● Exercise objective: All the lines below need to be output exactly, apart from any images.

● Input material:
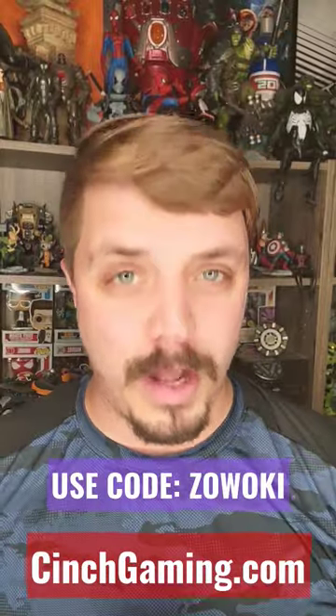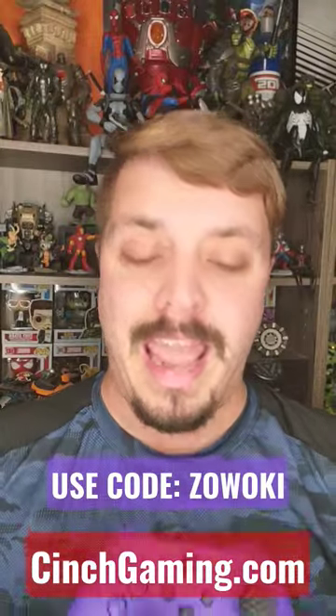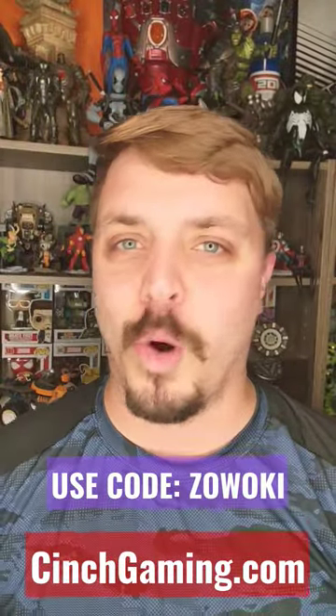Head over to cinch.com or cinchgaming.com and make sure you use my code ZWOKEY to get 20% off your custom built controller built to your standards and how you want it to look. You can also get mapping buttons, so check out cinchgaming.com and use code ZWOKEY.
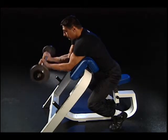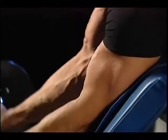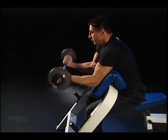Execution: keep your elbows close together and curl the bar upward until your biceps are fully flexed. Lower the bar until your arms are almost fully extended. Repeat. Note: for proper breathing, exhale when pulling up and inhale on the return.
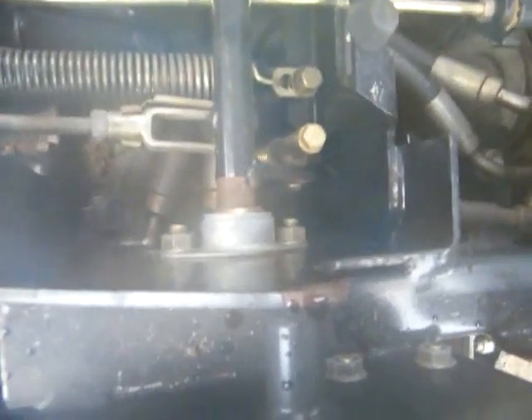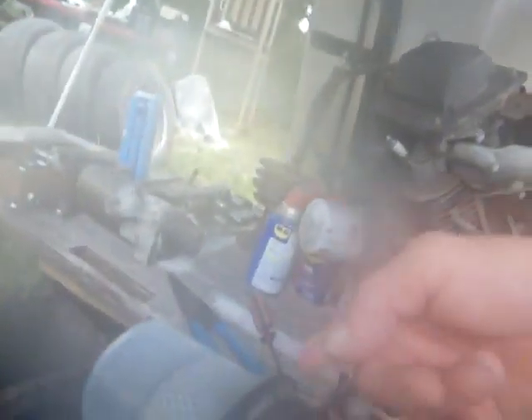Good look at the gear works in here — look at that! It looks brand new, just been sitting and waiting. Check it out.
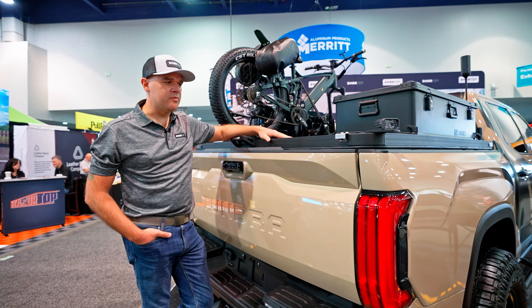Find us on Instagram at smarttopplatformusa and at smarttopplatform.us — that site will be live shortly after SEMA. You can buy direct or at a dealer near you. Thanks for watching and we hope to see you on the road.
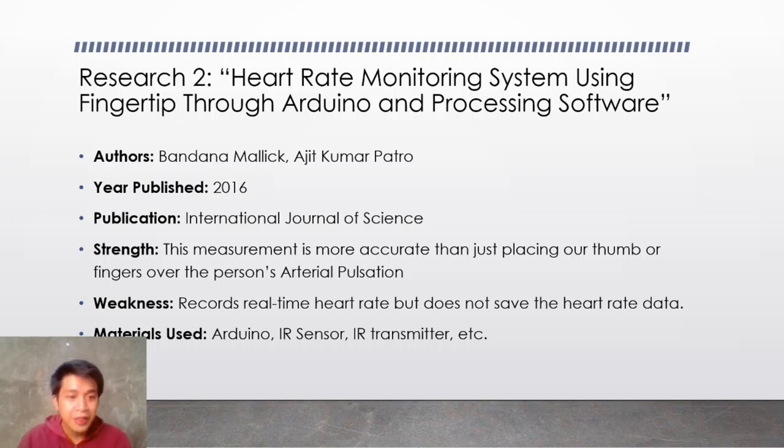The strength I find in this research is that this measurement is more accurate than just placing our thumb or fingers over the person's arterial pulsation — for example, measuring your beats per minute, this is more accurate than just using our hand. The weakness is it records real-time heart rate but does not save the heart rate data.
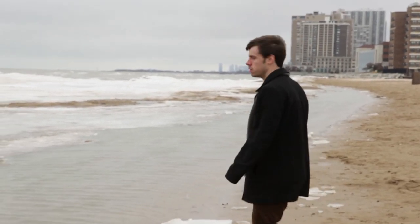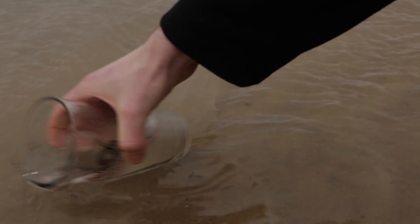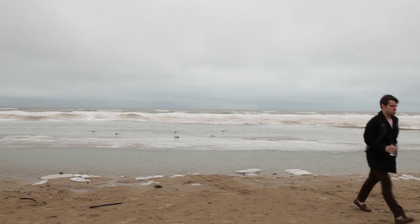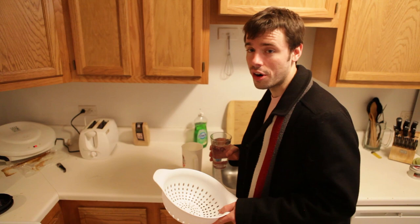The first step is to find a fresh source of water. Now that we have our water, we need to purify it. You'll need to use a strainer to remove the large chunks of minerals that you'll find in your water.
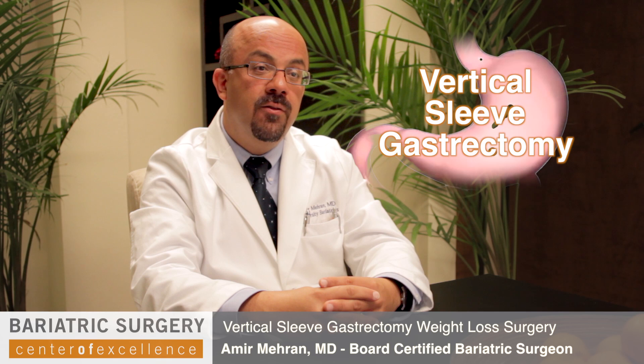Hello, my name is Dr. Amir Mehran. I'm the Director of Bariatric Surgery at Lapeer Health Systems. I'm here to talk to you about a new operation called the Vertical Sleeve Gastrectomy, also known as the sleeve or sleeve gastrectomy.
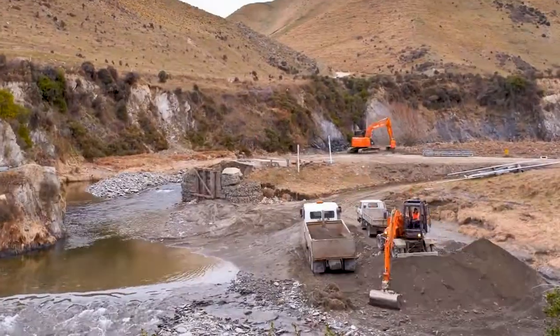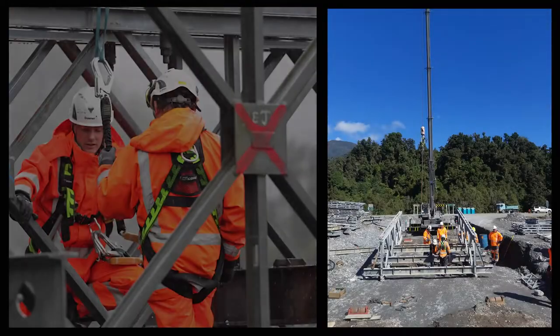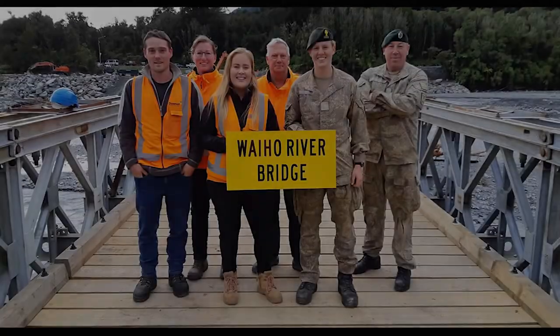We have two Bailey Bridge stocks in New Zealand — one in the Hawke's Bay and one in Christchurch — and they're ready to respond when we get this sort of emergency. So we can package them up, send them off while they do the ground works, and then they can launch the Bailey Bridge and bolt it all together and get it ready for reopening the highways.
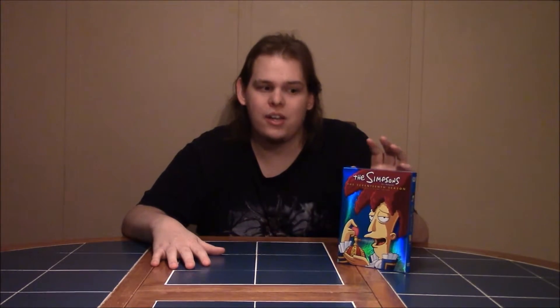Besides having to wrestle the discs out, I really enjoy everything about these. If you're interested in collecting the Simpsons DVDs or thinking about buying them, I hope this unboxing video helped you make up your mind. If you liked the video, give it a thumbs up, subscribe to Pale Productions for other videos beyond unboxing, follow me on social media, and until next time — stay crazy, my friends.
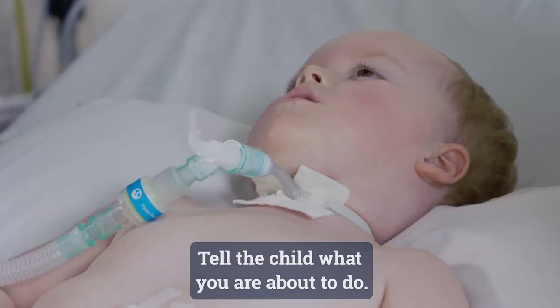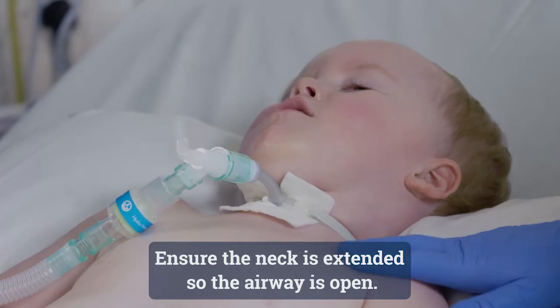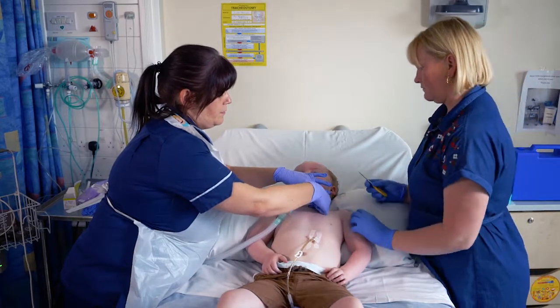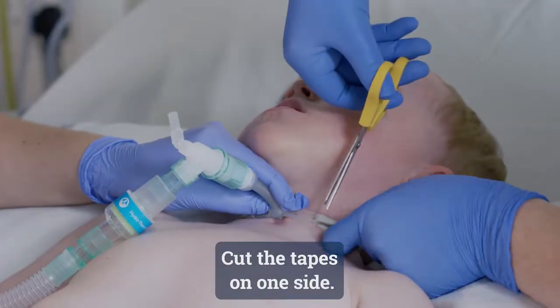Right, we're just going to change the tape. It's going to be very quick, but really it's here to help as well. It's okay. Cut the tapes.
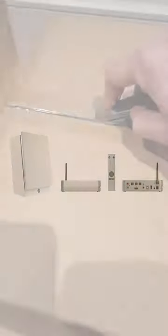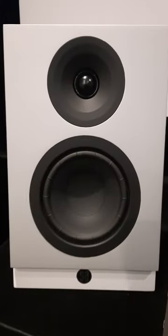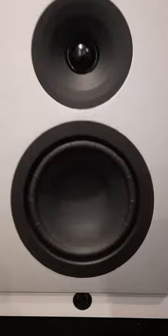Hi everyone, this is Martin Dew from AV Forums. I've got with me this week the System Audio, or SA, SB1 pair of active loudspeakers. They are a wireless pair, and they come with a stereo hub if you choose to buy that as well.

● Expected answer:
Head over to cinch.com or cinchgaming.com and make sure you use my code ZWOKEY to get 20% off your custom built controller built to your standards and how you want it to look. You can also get mapping buttons, so check out cinchgaming.com and use code ZWOKEY.
Execution: keep your elbows close together and curl the bar upward until your biceps are fully flexed. Lower the bar until your arms are almost fully extended. Repeat. Note: for proper breathing, exhale when pulling up and inhale on the return.
Good look at the gear works in here — look at that! It looks brand new, just been sitting and waiting. Check it out.
Find us on Instagram at smarttopplatformusa and at smarttopplatform.us — that site will be live shortly after SEMA. You can buy direct or at a dealer near you. Thanks for watching and we hope to see you on the road.
The strength I find in this research is that this measurement is more accurate than just placing our thumb or fingers over the person's arterial pulsation — for example, measuring your beats per minute, this is more accurate than just using our hand. The weakness is it records real-time heart rate but does not save the heart rate data.
The first step is to find a fresh source of water. Now that we have our water, we need to purify it. You'll need to use a strainer to remove the large chunks of minerals that you'll find in your water.
Hello, my name is Dr. Amir Mehran. I'm the Director of Bariatric Surgery at Lapeer Health Systems. I'm here to talk to you about a new operation called the Vertical Sleeve Gastrectomy, also known as the sleeve or sleeve gastrectomy.
We have two Bailey Bridge stocks in New Zealand — one in the Hawke's Bay and one in Christchurch — and they're ready to respond when we get this sort of emergency. So we can package them up, send them off while they do the ground works, and then they can launch the Bailey Bridge and bolt it all together and get it ready for reopening the highways.
Besides having to wrestle the discs out, I really enjoy everything about these. If you're interested in collecting the Simpsons DVDs or thinking about buying them, I hope this unboxing video helped you make up your mind. If you liked the video, give it a thumbs up, subscribe to Pale Productions for other videos beyond unboxing, follow me on social media, and until next time — stay crazy, my friends.
Right, we're just going to change the tape. It's going to be very quick, but really it's here to help as well. It's okay. Cut the tapes.
Hi everyone, this is Martin Dew from AV Forums. I've got with me this week the System Audio, or SA, SB1 pair of active loudspeakers. They are a wireless pair, and they come with a stereo hub if you choose to buy that as well.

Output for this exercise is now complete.